Shaun Page, marketing manager at Rickety Bridge, says a preference for lighter style red wines was another point of entry for Pinotage into the market. "And explaining the parentage of Pinotage remains a good point of departure for us," adds Donovan Ackermann, winemaker at Rickety Bridge. "Consumers relate better to Pinotage if you explain that they can expect the tannin of Pinot noir and the bountiful fruit of Cinsault."

Even the controversial "coffee" Pinotage has paid its dues. Hate it or love it, says Rudiger Gretschel, technical director of Vinimark, who believes Bertus Fourie (who pioneered this style at Diemersfontein in Wellington) created a style that opened an arena for Pinotage to be recognized. Adding another colour to the Rainbow Nation, this much-debated style continues to percolate into previously non-wine drinking SA households, with a solid following in the United Kingdom and Northern America. 


Gretschel also pursued his own project in the Piekenierskloof with his Sangiro Pinotage.

"Expect a harsh, unirrigated yet holistically dreamy environment where Pinotage vines reap the benefits of sandstone soils, cool breezes and altitude (600m above sea level), resulting in a lighter, linear style with high natural acidity."

Francois Roode joined Diemersfontein as winemaker 18 years ago and has since seen many faces of a varietal "that can give Cabernet Sauvignon a run for its money. Now we also create serious Pinotage. Changing seasons required a paradigm shift with stylistic adjustments, leading to better canopy and water management and planting to heat-resistant rootstock."


The Man Family Wine founders.

The Man Family Wine founders.



Riaan Moller, winemaker at Lievland and Man Family Wines, remains in awe of Pinotage's versatility." The Lievland Pinotage 2020 (91 points) was created from two blocks. The low-lying Agter-Paarl block has its heart anchored in shale, producing aromatic aromas. The Paardeberg vineyard grows on granite which adds grip and tannin.

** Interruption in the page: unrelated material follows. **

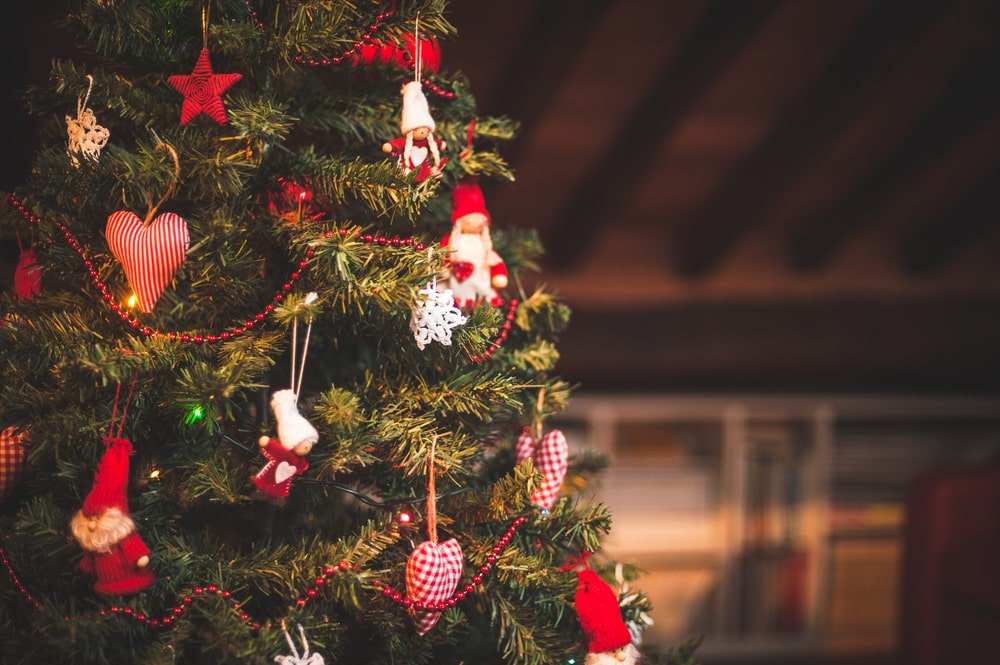 Christmas tree made from fir with decorations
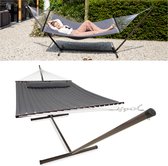 Vita5 Hangmat met Standaard 2 Persoons - Hangmatsets - Tuin Hangmat met Spreidstok en Frame - Donker Grijs - UV-bestendig - Draaggewicht Tot 200 kg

If you stay involved throughout the process, you will experience excellence.”



The future of Pinotage

Harvesting at Man Family Wines.

Harvesting at Man Family Wines.



L'Avenir means future, which is also the message this estate wants to bring across with Pinotage.  

Its Advini chapter started when the winemaker Dirk Coetzee convinced the new French owners that its quality stretches beyond the limited vision of "just another hybrid."

Its owners subsequently bought into a property and a cultivar they knew very little about, tells Edo Heyns, Strategic Development and Marketing Director at Advini South Africa.

"It intrigued them to deal with a quality cultivar that originated outside of France."

A fundamental mind shift is palpable in the way consumers react to Pinotage when presented in international tastings as a fine wine, Heyns continues, evoking excitement as something authentically South African with the ability to masterly express terroir. 

"Until now, little emphasis was put on climate and soil types, and this contributes to Pinotage's intrinsic qualities to stand beside world-class red wines, channelling the conversation to the world's best sommeliers and opinion makers."


When Pinotage enters the conversation, quality is unequivocal. Its merit persists in an enormous spectrum of styles keeping the world engaged. Be it an elegant Provence-inspired style, a whimsical and fruity wine like Beaujolais, echoing Chateauneuf-du-Pape in a blend with Mediterranean varieties or rubbing shoulders with the power of St. Joseph, Pinotage has risen as a raconteur and a dignitary example of fine wine on the world's wine podium.